FUTURE PERFECT: Mr S. Sundareshan, Chairman, FMC, with Dr Kewal Ram, Member, FMC, at a press conference in Mumbai on Wednesday. — Paul Noronha

Mumbai , Aug. 9

The Forward Markets Commission (FMC), which regulates the futures exchanges, has decided to fix an upper and lower price ceiling of 6 per cent for sensitive commodities traded at the various commodities exchanges.

It has also formed a Risk Management Group to track risk-bearing trends in the market. The FMC has decided to increase penalties on members and their clients for breaching fixed open interest positions.

"We have increased penalty on members and their clients for breaching open interest positions.
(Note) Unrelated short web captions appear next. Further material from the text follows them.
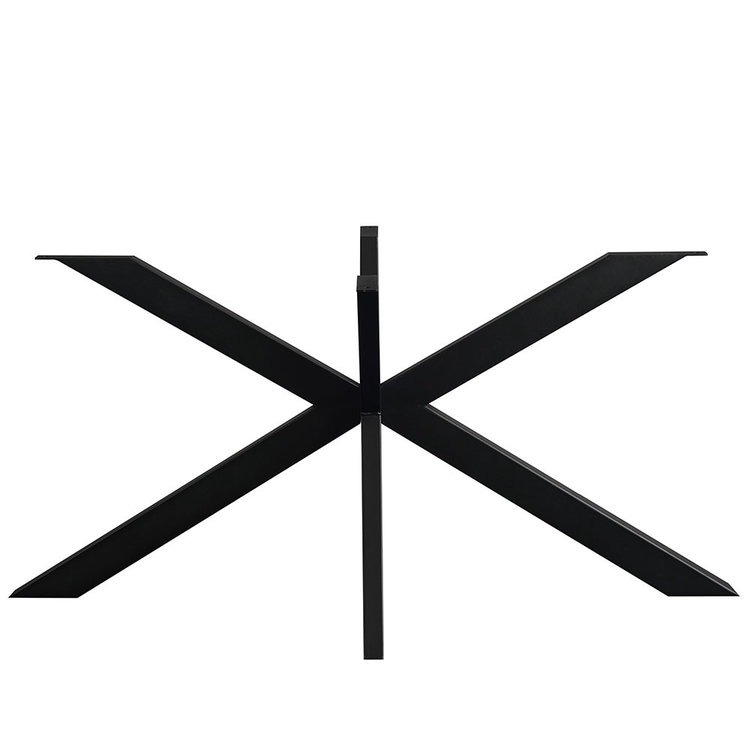 Tischgestell Mads Metall schwarz 180 x 95 cm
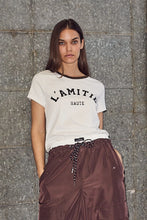 Load image into Gallery viewer, Neckline Logo Tee Off White Mocca
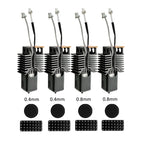Toolhead Hot End For Snapmaker U1 Pre-installed Thermistor & Ceramic Heating Plate Quick Heating Hotend For U1 3D Printer Parts
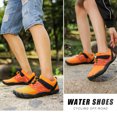 thumbnail image 4 of WDOplteas Hombres Mujeres Zapatos Natación Playa Zapatos Cómodos Zapatos Antideslizantes (Naranja 41), 4 of 9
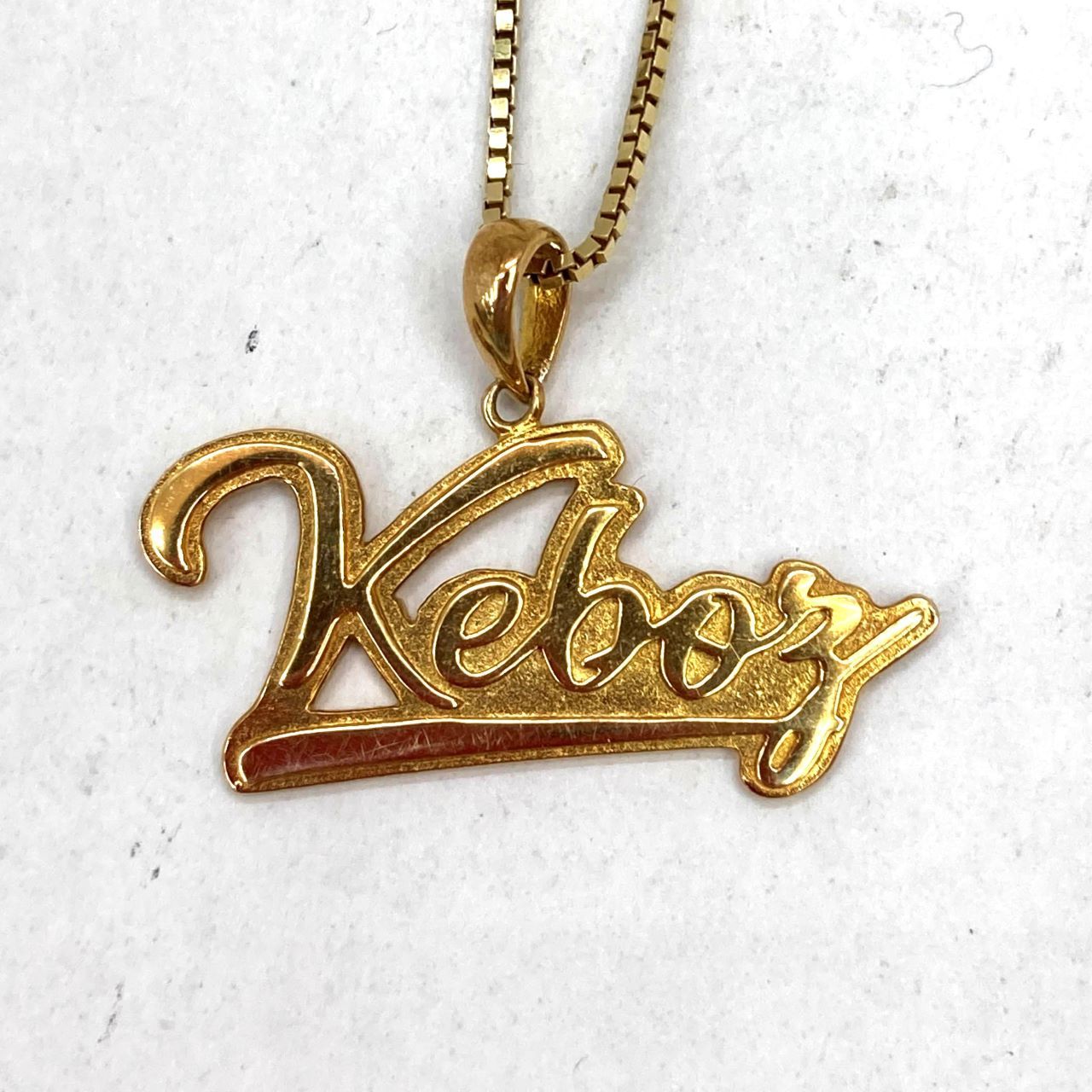 03w01888 【保管袋付き】KEBOZ ICON LOGO NECKLACE ケボズ アイコンロゴネックレス ゴールド シルバーネックレス  コムドット ゆうた メンズ アクセサリー - メルカリ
The limit is not breached quite often, but there is a need for more stringent measures. Members exceeding prescribed open interest positions would be levied a 2 per cent penalty on the value breached. Repeated violators would be suspended from trading,'' said Mr S. Sundareshan, FMC's Chairman.

Sugar under fire

He was briefing the press after the consultative meeting (convened by the FMC) of the representatives of trade and manufacturers' associations, chambers of commerce and commodity boards on Wednesday.

"Several members emphasised on the need for more curbs on narrow commodities trade. Most of them opined that sugar, which is under active government consideration, is not ready for trading, as it will not reflect true prices. There was no specific mention to ban any narrow commodities from trading,'' the Chairman said.

On the proposal to allow FIIs and Mutual Funds to trade in commodity futures market, Mr Sundareshan said, "we are expecting to receive the approval soon, but in the case of banks participating in commodities trade, the FMC and the RBI have to complete certain procedural formalities. The country is not ready to allow FIIs trade in agriculture.''

The regulator is in touch with various constituents of the market to expand participation in commodity futures market and create awareness about the practices prevalent there. It is holding training programmes for various segments of the market.

Regulatory measures

The FMC has taken several regulatory measures to promote market integrity, financial integrity and customer protection. "Apart from penalties on breaching open interest positions, the FMC has restricted the number of terminals a member can use for proprietary trading. This will negate unauthorised appropriations and minimise margining liabilities,'' Mr Sundareshan said.

"Futures trading in commodities has registered good growth over the last two years. Total volume of trade during the first four months of this year has been at Rs 12.61 lakh crore,'' he said.